In 1993, Wahlberg made his acting debut in the television film The Substitute. After this appearance, he dropped the "Marky Mark" name. His big screen debut came the next year, with the Danny DeVito feature Renaissance Man. A basketball fanatic, he caught the attention of critics after appearing alongside Leonardo DiCaprio in The Basketball Diaries (1995), a film adaptation of the Jim Carroll book of same name, playing the role of Mickey. He had his first starring role in James Foley's thriller film Fear (1996).

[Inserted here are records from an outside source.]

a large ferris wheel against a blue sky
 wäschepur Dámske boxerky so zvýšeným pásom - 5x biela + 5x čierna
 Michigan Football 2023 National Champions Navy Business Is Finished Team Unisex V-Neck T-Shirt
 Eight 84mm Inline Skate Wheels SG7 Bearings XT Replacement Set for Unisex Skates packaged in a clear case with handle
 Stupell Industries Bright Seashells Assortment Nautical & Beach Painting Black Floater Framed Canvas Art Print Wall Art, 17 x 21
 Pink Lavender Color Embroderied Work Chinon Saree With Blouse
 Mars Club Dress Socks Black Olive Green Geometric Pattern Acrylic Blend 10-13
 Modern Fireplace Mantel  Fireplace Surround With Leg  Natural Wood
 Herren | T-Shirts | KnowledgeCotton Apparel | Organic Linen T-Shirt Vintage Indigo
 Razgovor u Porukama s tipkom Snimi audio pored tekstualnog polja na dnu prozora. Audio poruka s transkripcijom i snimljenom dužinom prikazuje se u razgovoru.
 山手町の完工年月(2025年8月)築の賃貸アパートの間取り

He earned positive reviews after films Boogie Nights (1997), The Big Hit (1998), Three Kings (1999), The Perfect Storm (2000), and Four Brothers (2005). During the early 2000s, Wahlberg appeared in remakes of 1960s films such as Planet of the Apes (2001), The Truth About Charlie (2002) (a remake of the 1963 film Charade), and The Italian Job (2003). His performance in I Heart Huckabees was voted the best supporting performance of the year in the 2004 The Village Voice Critics Poll. Wahlberg was originally cast as Linus Caldwell in Ocean's Eleven, but Matt Damon played the role instead. The two later worked together in The Departed. Wahlberg was also considered for a role in the film Brokeback Mountain. It was originally intended to star Wahlberg and Joaquin Phoenix (with whom he appeared in the 2000 film The Yards) as Ennis Del Mar and Jack Twist, respectively, but both actors were uncomfortable with the film's sex scenes. The roles ultimately went to Heath Ledger and Jake Gyllenhaal, both of whom were nominated for Academy Awards for their performances.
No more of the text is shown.